Keep the images out while you retype all of the data exactly.

START Dataset extract

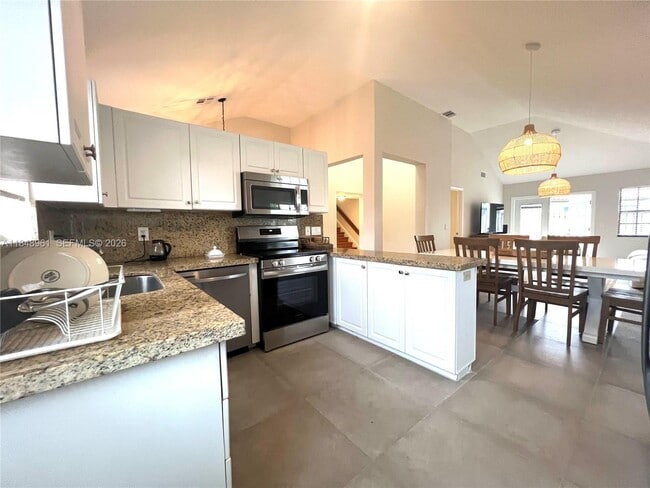 Building Photo - 13473 Fountain View Blvd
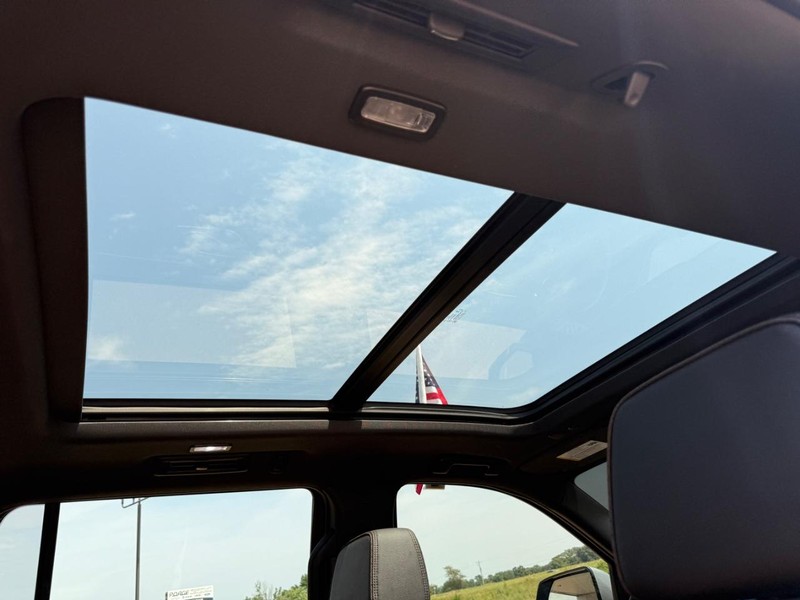Chevrolet Tahoe Vehicle Image 13
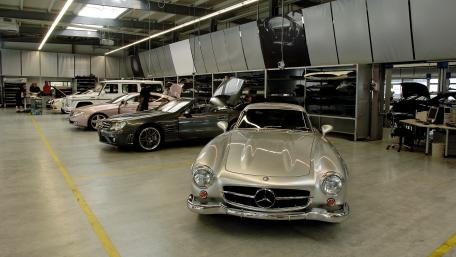 Classic Cars in a Modern Workshop Atmosphere wallpaper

END Dataset extract

Task result:
 Building Photo - 13473 Fountain View Blvd
Chevrolet Tahoe Vehicle Image 13
 Classic Cars in a Modern Workshop Atmosphere wallpaper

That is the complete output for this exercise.